The default phylum-ci Docker image contains git and the installed phylum Python package. It also contains an installed version of the Phylum CLI and all required tools needed for lockfile generation. An advantage of using the default Docker image is that the complete environment is packaged and made available with components that are known to work together.

One disadvantage to the default image is it's size. It can take a while to download and may provide more tools than required for your specific use case. Special slim tags of the phylum-ci image are provided as an alternative. These tags differ from the default image in that they do not contain the required tools needed for lockfile generation (with the exception of the pip tool). The slim tags are significantly smaller and allow for faster action run times. They are useful for those instances where no manifest files are present and/or only lockfiles are used.

Here are examples of using the slim image tags:

    # NOTE: These are examples. Only one container line for `phylum-ci` is expected.

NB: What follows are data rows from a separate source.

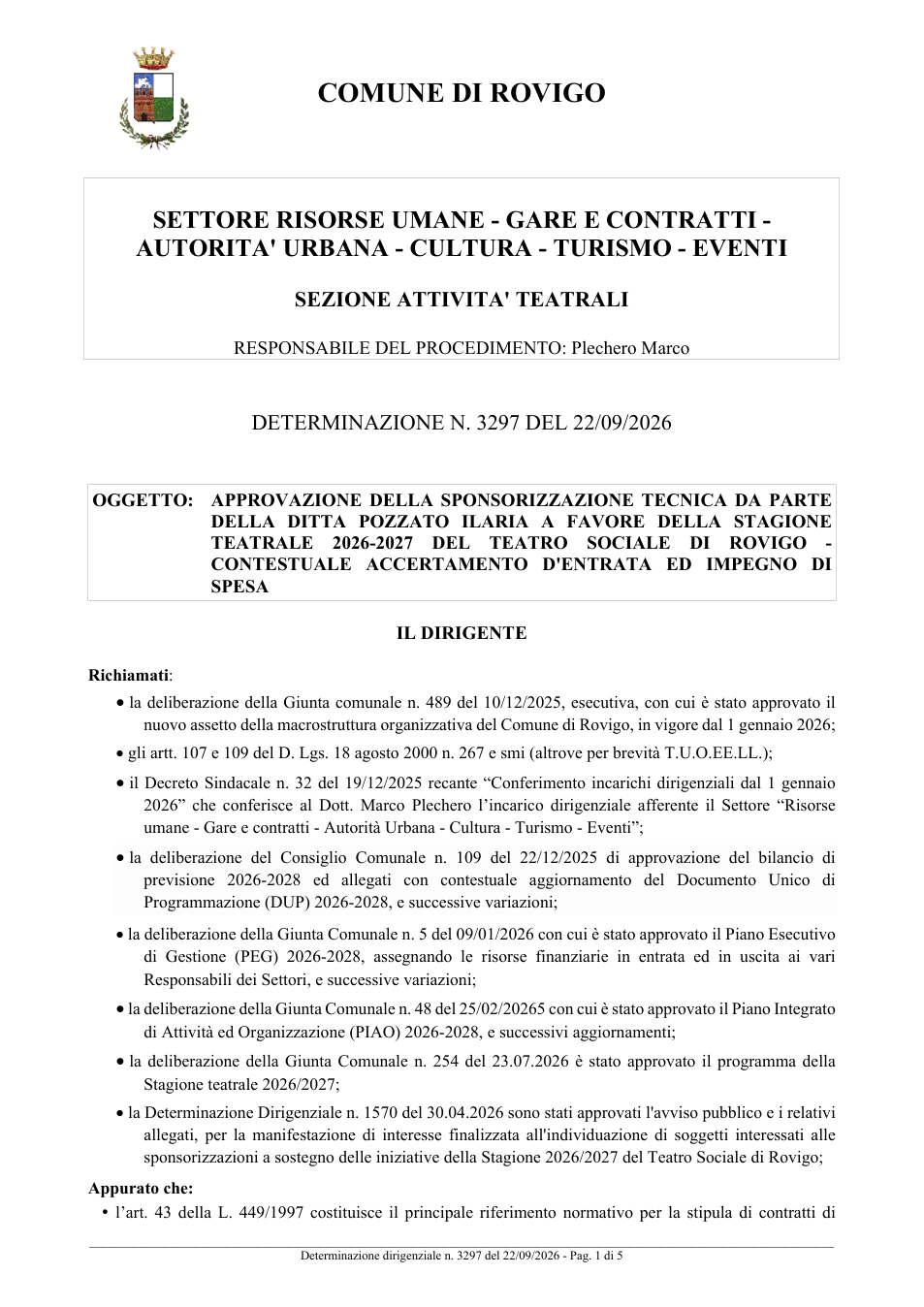Pagina 1 del documento
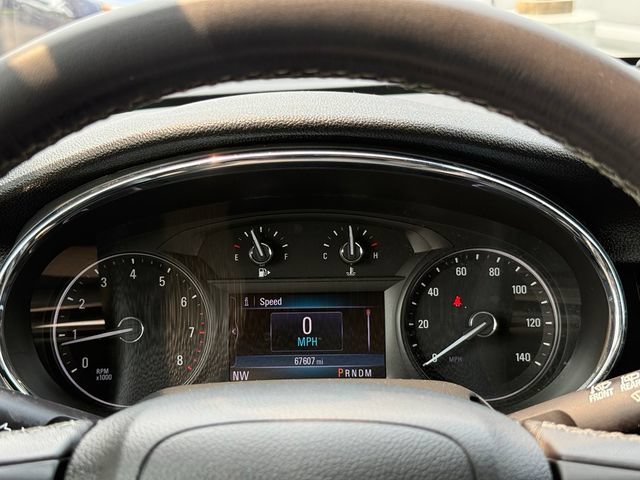 Used 2020 Includes (MDP) Anthracite lower exterior accent color, Paint code W598F. Buick Preferred image 13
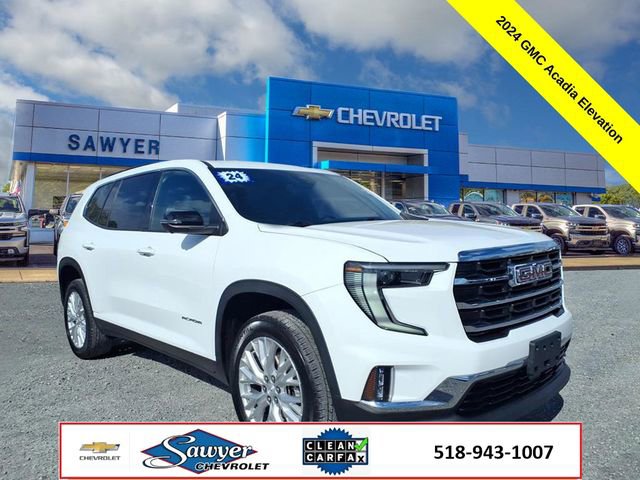 Used 2024 GMC Acadia Elevation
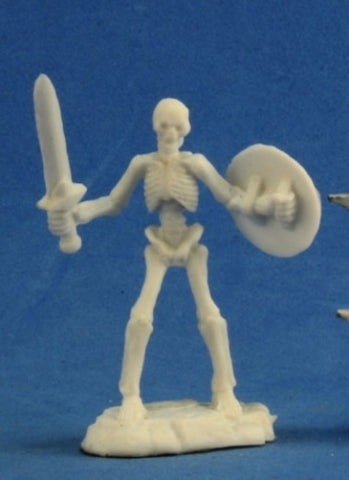 Skeleton Warrior Sword (3 figures) [Reaper 77242]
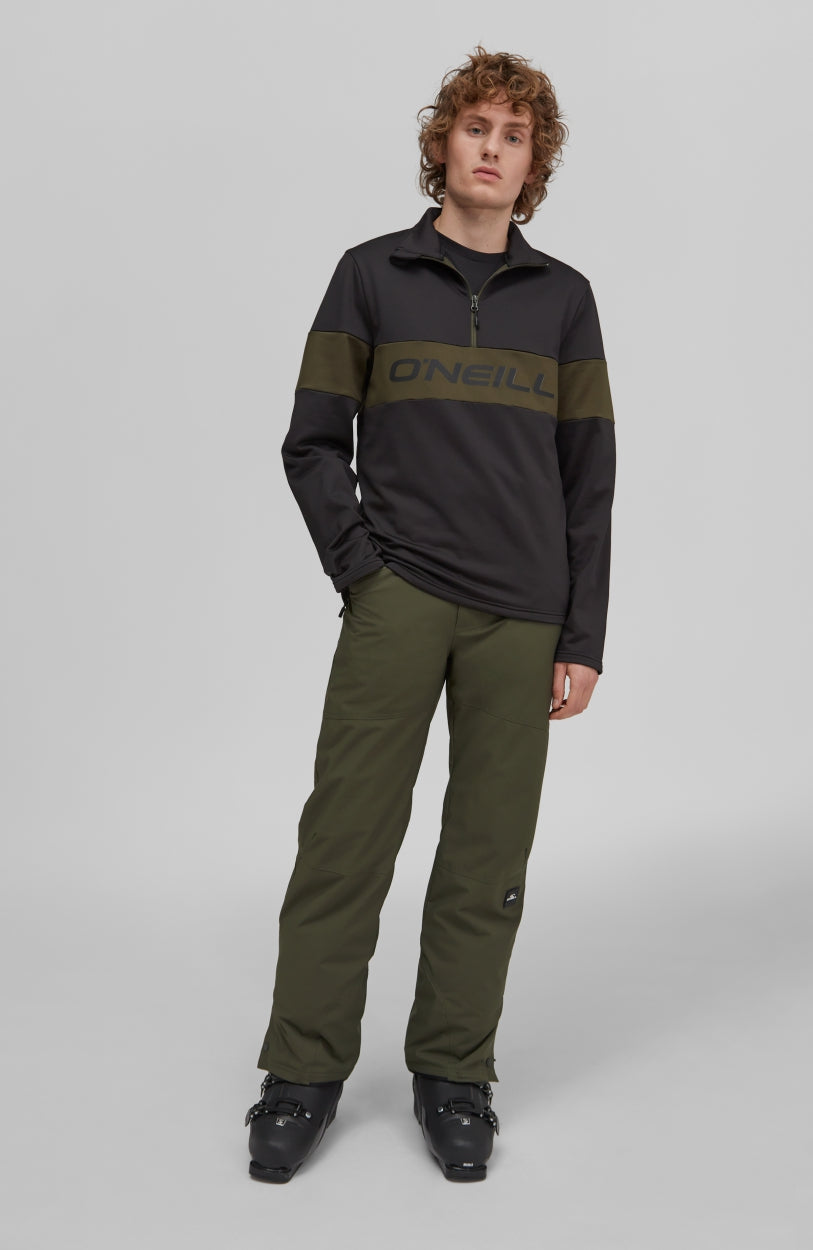 Clime Colorblock Fleece | BlackOut - A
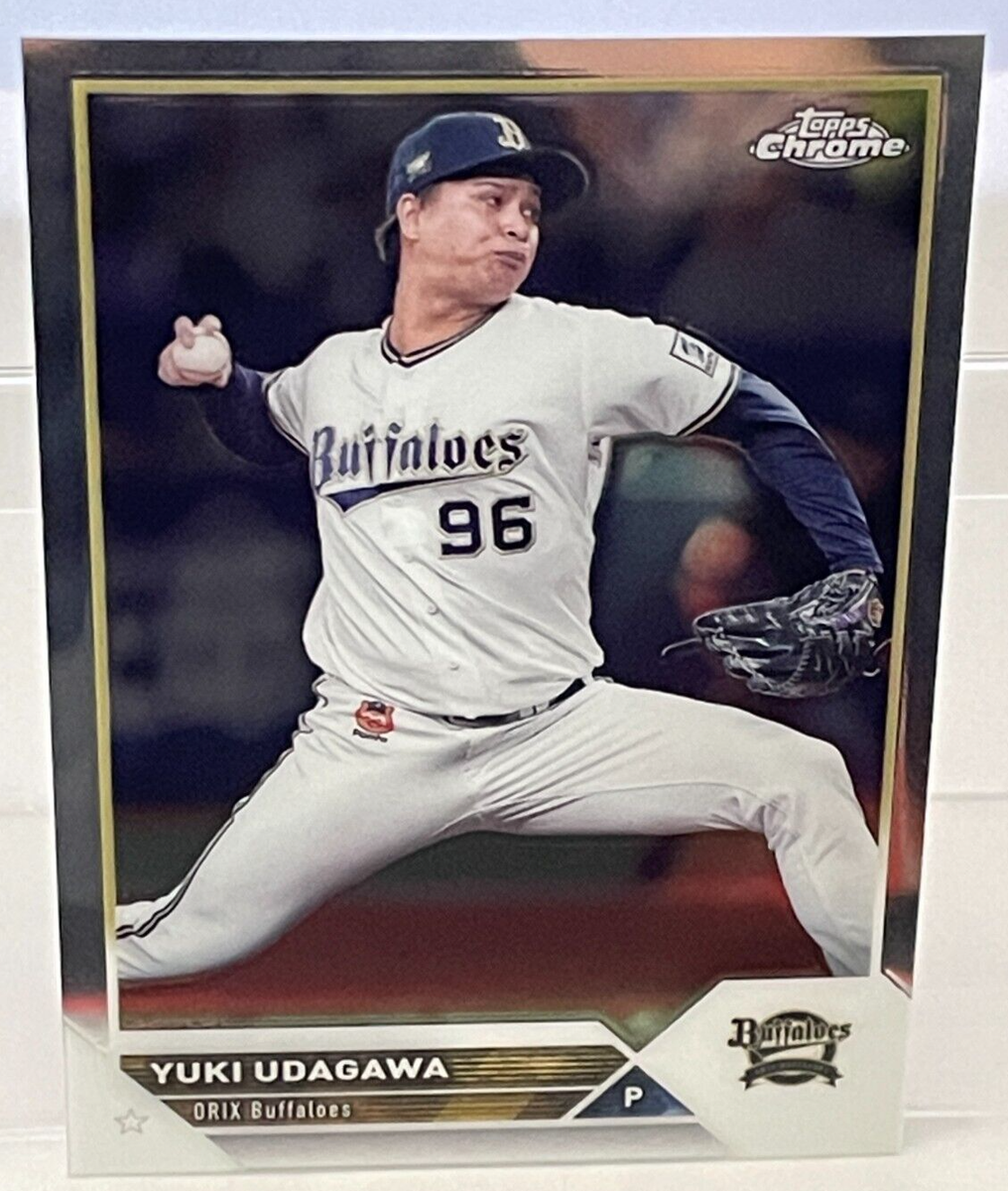YUKI★ Yuki Udagawa 2023 Topps Chrome NPB Baseball Card #207 Orix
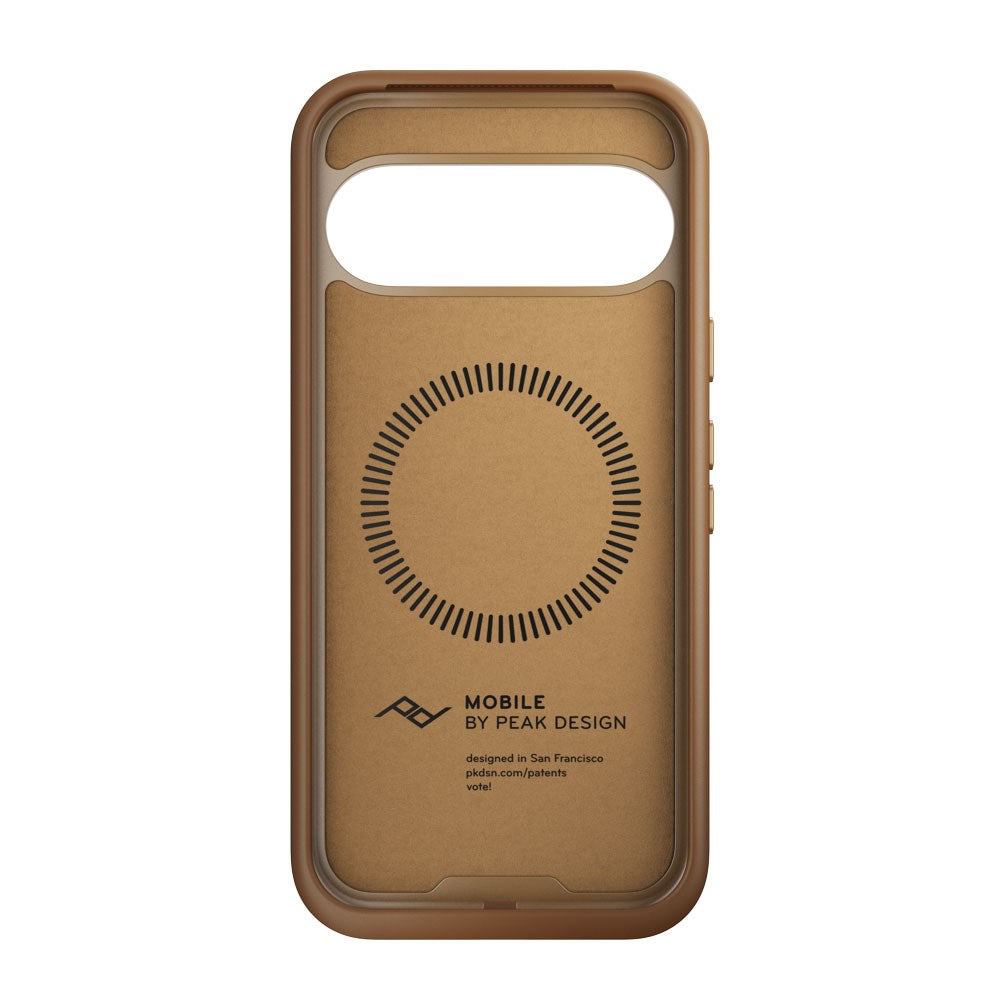 Peak Design Google Pixel 10 / 10 Pro Everyday Loop Deksel - Tan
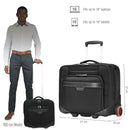 EVERKI Journey 16" Laptop Trolley Magnetic quick access pocket Trolley handle pass through strap - Office Connect 2018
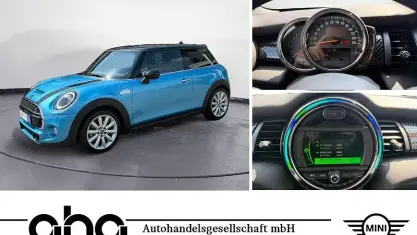 Gebraucht Mini Cooper S 192 PS (141 kW) 2018 Blau Kleinwagen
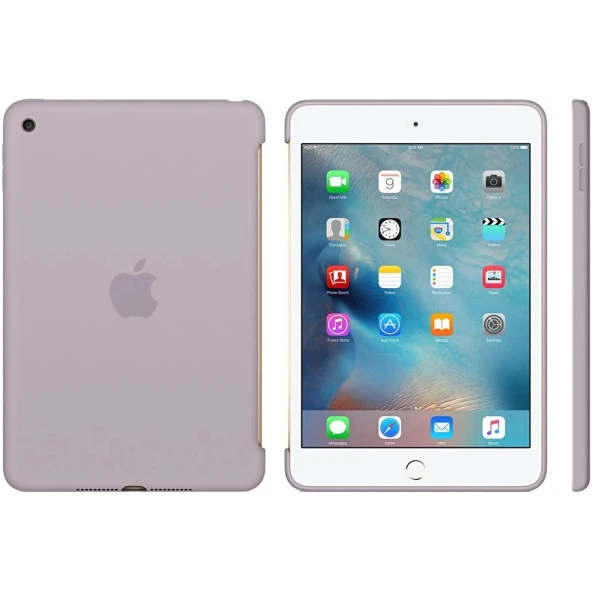 Cda Store Apple iPad Mini 4 Silikon Kılıf Orjinal - 10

    # Use the most current release of *both* `phylum-ci` and the Phylum CLI
    container: phylumio/phylum-ci:slim

    # Use the `slim` image with a specific release version of `phylum-ci` and Phylum CLI
    container: phylumio/phylum-ci:0.42.4-CLIv6.1.2-slim

Repository checkout

The phylum-ci logic for determining changes in dependency files requires git history beyond what is available in a shallow clone/checkout/fetch. To ensure the shallow fetch option is disabled for the pipeline, an explicit checkout step is specified here, with fetchDepth set to 0. It is also possible to disable the shallow fetch option in the pipeline settings UI. See the YAML schema steps.checkout definition documentation for more detail.

In order to support CI triggers, certain git operations are needed to determine the default branch name and set the remote HEAD ref for it since Azure Pipelines does not do so during repository checkout. These operations require git credentials to be available after the initial fetch, which is done with the persistCredentials property. This property is not required if CI triggers are disabled (e.g., via trigger: none).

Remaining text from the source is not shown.